| Problem |
Print word for word whatever lies between the first line of the material and the line holding "Hi, my name", both included, and omit all pictures.

| Recorded information |
----

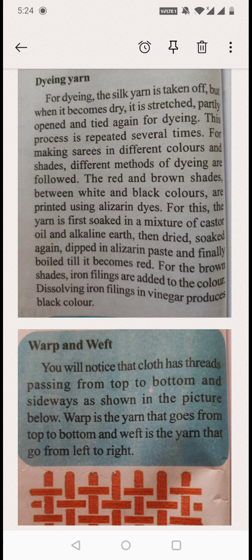Then they dry the thread, soak it again, dip it in the Alizarin paste, and finally boil it until it becomes red.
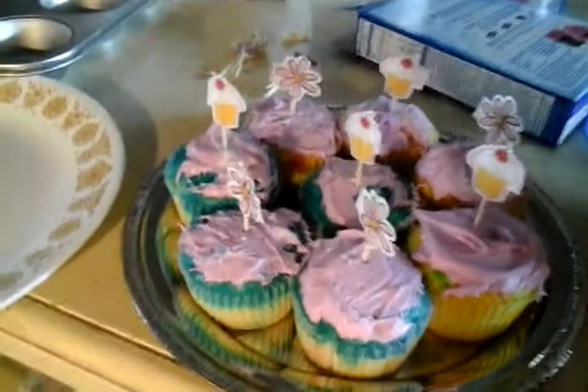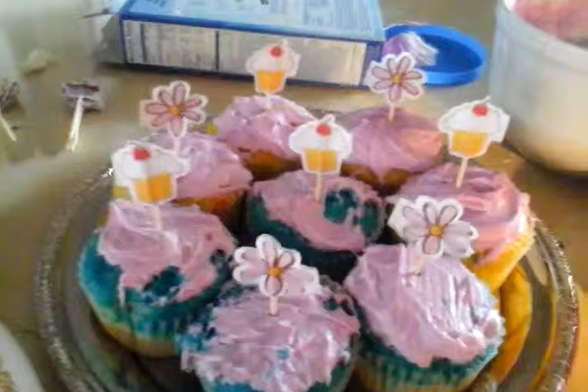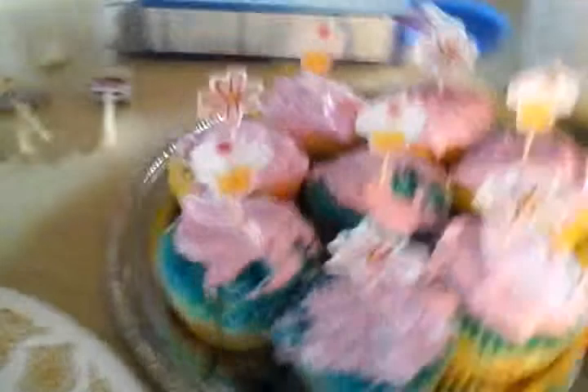We have our cupcake supplies. We've got the frosting and all the cupcakes — yellow, blue, and pink cupcakes. We're going to put these little toothpicks with little cupcakes and flowers on them. They're vanilla.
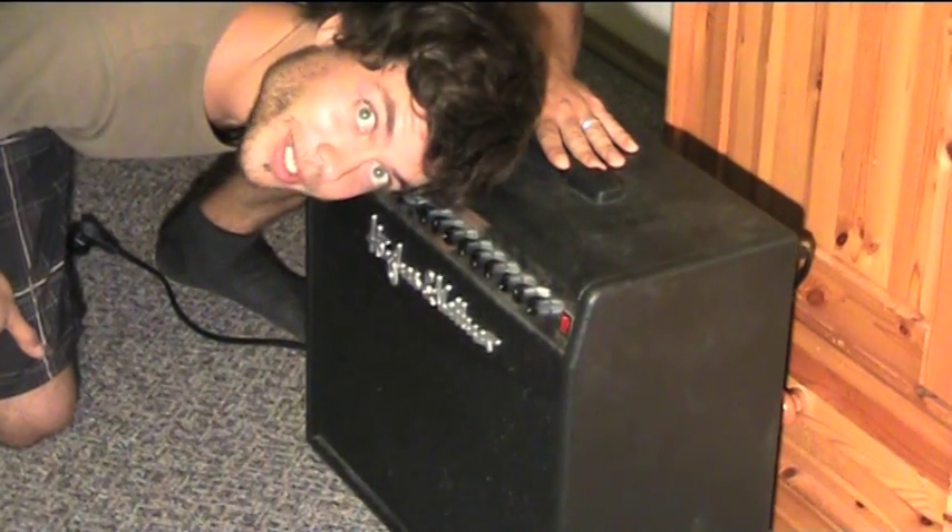Hi, my name is Captain Crunch and today I'm gonna give you a brief lesson in extraordinary guitar play. Lesson one: turning your amp on.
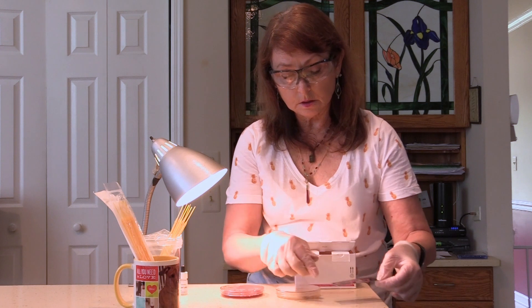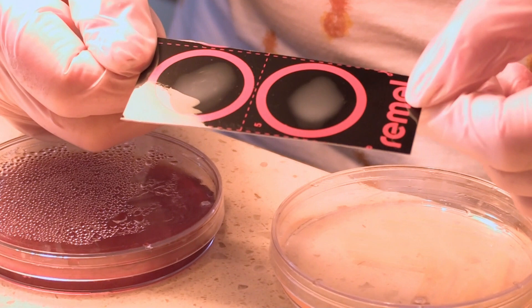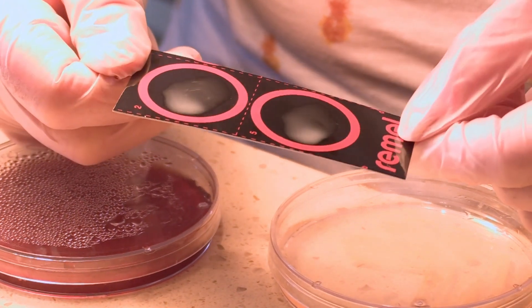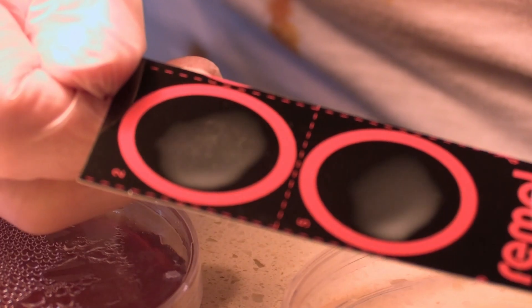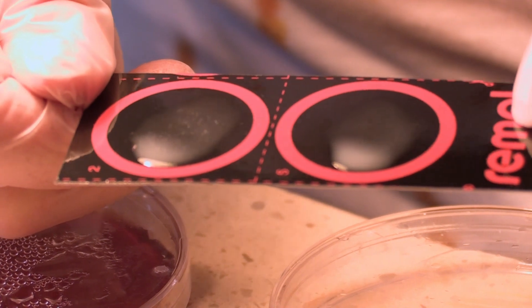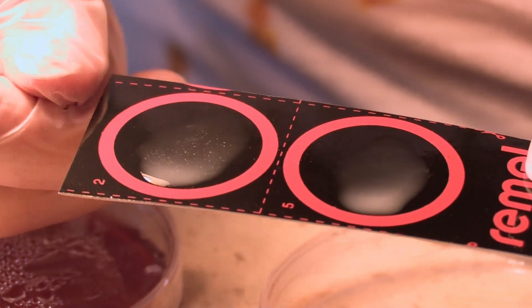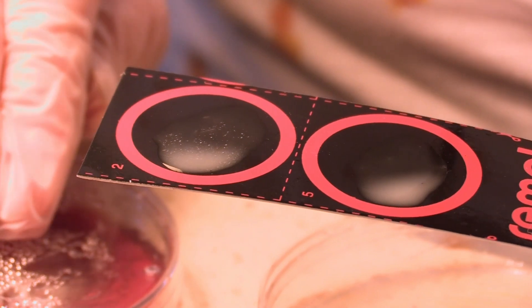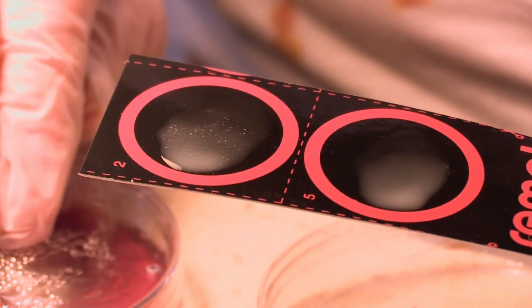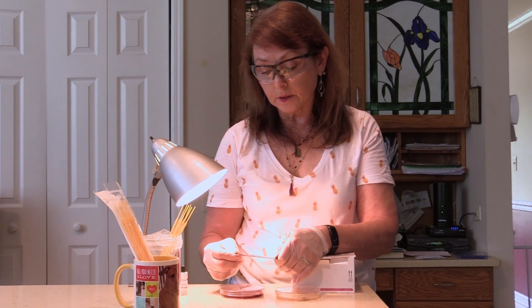The directions indicate that I want to take the slide and slowly rock it back and forth. In about 20 seconds I should see a positive reaction. A positive reaction is where we see agglutination or clumping, indicating Staph aureus. If there is no clumping or agglutination, it means it's not Staph aureus — in this case it would be Staph epidermidis.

----

| Your response |
Then they dry the thread, soak it again, dip it in the Alizarin paste, and finally boil it until it becomes red.
We have our cupcake supplies. We've got the frosting and all the cupcakes — yellow, blue, and pink cupcakes. We're going to put these little toothpicks with little cupcakes and flowers on them. They're vanilla.
Hi, my name is Captain Crunch and today I'm gonna give you a brief lesson in extraordinary guitar play. Lesson one: turning your amp on.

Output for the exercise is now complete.